TOC balançou a cabeça, cansado.
– Ele é um velho louco, esse cara. Quando foi preso, ele tinha uma centena de documentos com ele, alguns com mais de 30 anos.
– Bem, isso parece mesmo coisa do Al – disse casualmente. – Ele nunca gostou de jogar coisas fora. Ele é o que você chamaria de um criminoso cuidadoso.
– Não o suficiente – disse a Bruxa. – Da última vez que verifiquei, ele ainda estava atrás das grades – ela me deu um sorriso diabólico.
Sim, pensei, mas não por causa de você, Cruella, foi TOC que o pegou. Mas eu mantive esse pensamento para mim e disse:
– Na verdade, eu acho que ele já saiu e está provavelmente de volta a Connecticut, enlouquecendo sua pobre esposa. – Olhei para TOC. – Só por curiosidade: quando o prenderam, ele trazia comida nos bolsos? Alguma torta Linzer meio comida? Ele adorava isso.
– Apenas algumas migalhas – respondeu TOC.
Eu balancei a cabeça, mostrando que compreendia.
– Sim, provavelmente estava guardando isso no caso de ficar com fome…
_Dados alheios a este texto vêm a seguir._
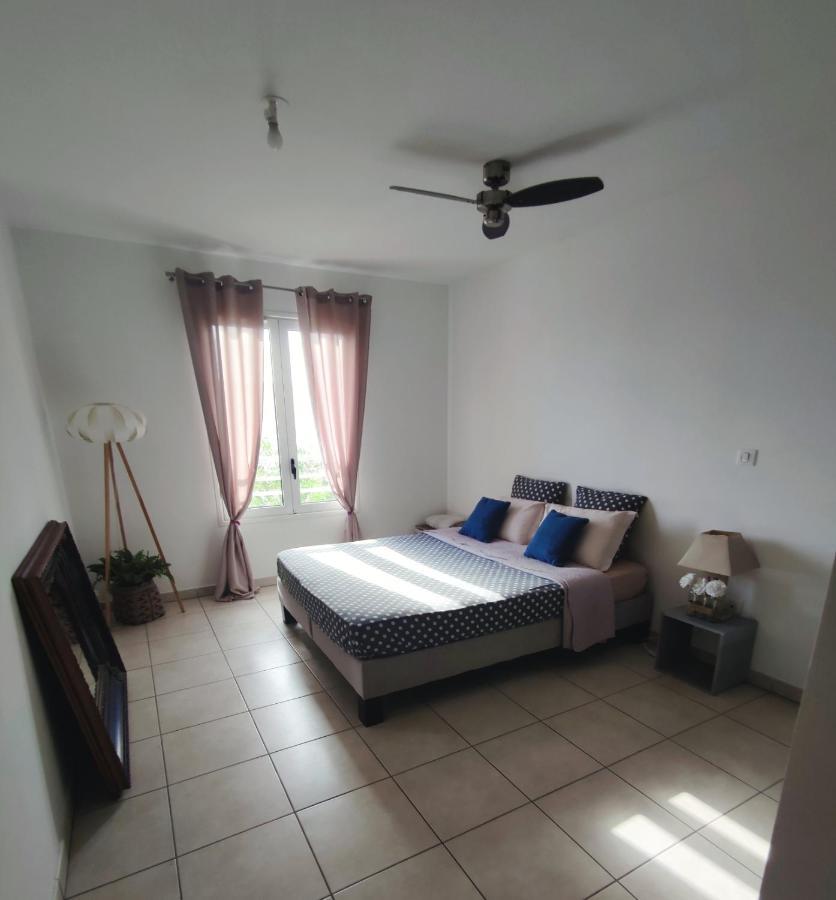 Location Saisonniere Meublee F2 St Leu Face Ocean A 1 Min Plage Appartement Saint-Leu Buitenkant foto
E passei as horas seguintes explicando como Al Abrams tinha me ensinado a arte negra da manipulação de ações. Três vezes por semana nos encontrávamos para tomar café da manhã no restaurante grego local, onde tive o prazer de assistir Al consumir incontáveis tortas Linzer, com metade de cada torta indo direto para sua boca e a outra metade indo para a testa e o rosto, enquanto ele bebia xícara após xícara de café com muita cafeína, até ficar com as mãos tremendo. Em meio a isso tudo, tremedeiras e falações, ele me ensinou o que eu levaria uma vida para aprender. Mas, infelizmente, ao contrário do que aprendi com Mike, esses ensinamentos consistiam no lado negro das coisas, o submundo de Wall Street, o mercado fora da Bolsa, que foi o precursor da NASDAQ, onde as ações eram negociadas por nomeação e os preços eram definidos pelo capricho de gente de intenções escusas como Al e eu.